▶ [Input data]
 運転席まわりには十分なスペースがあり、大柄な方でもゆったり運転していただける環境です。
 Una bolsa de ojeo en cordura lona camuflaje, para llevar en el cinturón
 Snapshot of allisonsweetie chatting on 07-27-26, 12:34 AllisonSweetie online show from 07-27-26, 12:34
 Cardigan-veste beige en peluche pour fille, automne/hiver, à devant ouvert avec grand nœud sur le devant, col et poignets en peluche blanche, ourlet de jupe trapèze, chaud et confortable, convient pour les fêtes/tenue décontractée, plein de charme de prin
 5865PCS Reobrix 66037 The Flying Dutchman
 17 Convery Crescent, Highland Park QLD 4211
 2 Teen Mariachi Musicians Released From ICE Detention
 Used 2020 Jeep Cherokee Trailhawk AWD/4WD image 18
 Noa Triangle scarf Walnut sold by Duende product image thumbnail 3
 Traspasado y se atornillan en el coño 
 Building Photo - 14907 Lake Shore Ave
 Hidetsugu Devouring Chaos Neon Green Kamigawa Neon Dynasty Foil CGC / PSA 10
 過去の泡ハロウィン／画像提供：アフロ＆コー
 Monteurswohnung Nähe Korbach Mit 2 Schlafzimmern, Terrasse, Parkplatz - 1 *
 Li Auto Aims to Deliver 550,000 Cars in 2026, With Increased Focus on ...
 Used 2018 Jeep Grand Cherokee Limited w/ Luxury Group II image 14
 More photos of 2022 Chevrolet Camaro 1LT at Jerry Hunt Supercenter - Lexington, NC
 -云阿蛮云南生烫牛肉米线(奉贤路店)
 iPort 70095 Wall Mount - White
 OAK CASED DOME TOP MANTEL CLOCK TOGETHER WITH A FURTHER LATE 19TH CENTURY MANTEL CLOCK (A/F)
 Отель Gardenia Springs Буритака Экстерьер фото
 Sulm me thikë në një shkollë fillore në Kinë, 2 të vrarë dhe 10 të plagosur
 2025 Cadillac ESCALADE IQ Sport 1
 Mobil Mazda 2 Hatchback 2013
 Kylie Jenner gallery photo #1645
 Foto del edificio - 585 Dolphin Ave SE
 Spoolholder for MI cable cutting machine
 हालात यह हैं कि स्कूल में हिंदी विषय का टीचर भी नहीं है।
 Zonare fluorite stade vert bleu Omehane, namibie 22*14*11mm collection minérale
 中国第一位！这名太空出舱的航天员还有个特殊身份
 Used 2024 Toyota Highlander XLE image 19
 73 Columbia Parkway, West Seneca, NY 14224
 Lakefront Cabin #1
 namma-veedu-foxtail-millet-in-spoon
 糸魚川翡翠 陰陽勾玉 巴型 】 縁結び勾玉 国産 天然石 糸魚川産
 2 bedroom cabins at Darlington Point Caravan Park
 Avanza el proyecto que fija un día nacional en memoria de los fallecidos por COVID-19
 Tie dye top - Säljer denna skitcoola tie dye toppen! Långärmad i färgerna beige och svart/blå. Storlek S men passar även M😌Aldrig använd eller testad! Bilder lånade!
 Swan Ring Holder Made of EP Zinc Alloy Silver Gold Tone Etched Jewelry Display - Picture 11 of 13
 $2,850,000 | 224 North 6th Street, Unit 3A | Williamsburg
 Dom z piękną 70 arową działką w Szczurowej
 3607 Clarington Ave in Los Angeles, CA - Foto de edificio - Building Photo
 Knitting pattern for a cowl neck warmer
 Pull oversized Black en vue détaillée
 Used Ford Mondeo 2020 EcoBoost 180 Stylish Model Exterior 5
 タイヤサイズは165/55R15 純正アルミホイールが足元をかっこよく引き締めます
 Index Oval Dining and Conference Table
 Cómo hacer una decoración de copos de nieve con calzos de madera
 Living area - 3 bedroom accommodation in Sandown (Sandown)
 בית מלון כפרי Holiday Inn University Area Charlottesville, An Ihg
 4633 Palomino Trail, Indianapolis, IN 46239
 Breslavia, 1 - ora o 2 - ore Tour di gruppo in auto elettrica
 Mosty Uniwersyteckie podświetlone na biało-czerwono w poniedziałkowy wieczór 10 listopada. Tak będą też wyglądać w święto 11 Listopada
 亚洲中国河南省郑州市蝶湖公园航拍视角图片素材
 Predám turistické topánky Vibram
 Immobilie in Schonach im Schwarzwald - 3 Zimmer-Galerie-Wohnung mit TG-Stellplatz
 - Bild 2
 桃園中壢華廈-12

▶ [What the exercise asks]
What you give back must be the stretch above, starting at the line with "Noa Triangle scarf" and ending at the line with "2 bedroom cabins", copied exactly.

▶ [Answer space]
 Noa Triangle scarf Walnut sold by Duende product image thumbnail 3
 Traspasado y se atornillan en el coño 
 Building Photo - 14907 Lake Shore Ave
 Hidetsugu Devouring Chaos Neon Green Kamigawa Neon Dynasty Foil CGC / PSA 10
 過去の泡ハロウィン／画像提供：アフロ＆コー
 Monteurswohnung Nähe Korbach Mit 2 Schlafzimmern, Terrasse, Parkplatz - 1 *
 Li Auto Aims to Deliver 550,000 Cars in 2026, With Increased Focus on ...
 Used 2018 Jeep Grand Cherokee Limited w/ Luxury Group II image 14
 More photos of 2022 Chevrolet Camaro 1LT at Jerry Hunt Supercenter - Lexington, NC
 -云阿蛮云南生烫牛肉米线(奉贤路店)
 iPort 70095 Wall Mount - White
 OAK CASED DOME TOP MANTEL CLOCK TOGETHER WITH A FURTHER LATE 19TH CENTURY MANTEL CLOCK (A/F)
 Отель Gardenia Springs Буритака Экстерьер фото
 Sulm me thikë në një shkollë fillore në Kinë, 2 të vrarë dhe 10 të plagosur
 2025 Cadillac ESCALADE IQ Sport 1
 Mobil Mazda 2 Hatchback 2013
 Kylie Jenner gallery photo #1645
 Foto del edificio - 585 Dolphin Ave SE
 Spoolholder for MI cable cutting machine
 हालात यह हैं कि स्कूल में हिंदी विषय का टीचर भी नहीं है।
 Zonare fluorite stade vert bleu Omehane, namibie 22*14*11mm collection minérale
 中国第一位！这名太空出舱的航天员还有个特殊身份
 Used 2024 Toyota Highlander XLE image 19
 73 Columbia Parkway, West Seneca, NY 14224
 Lakefront Cabin #1
 namma-veedu-foxtail-millet-in-spoon
 糸魚川翡翠 陰陽勾玉 巴型 】 縁結び勾玉 国産 天然石 糸魚川産
 2 bedroom cabins at Darlington Point Caravan Park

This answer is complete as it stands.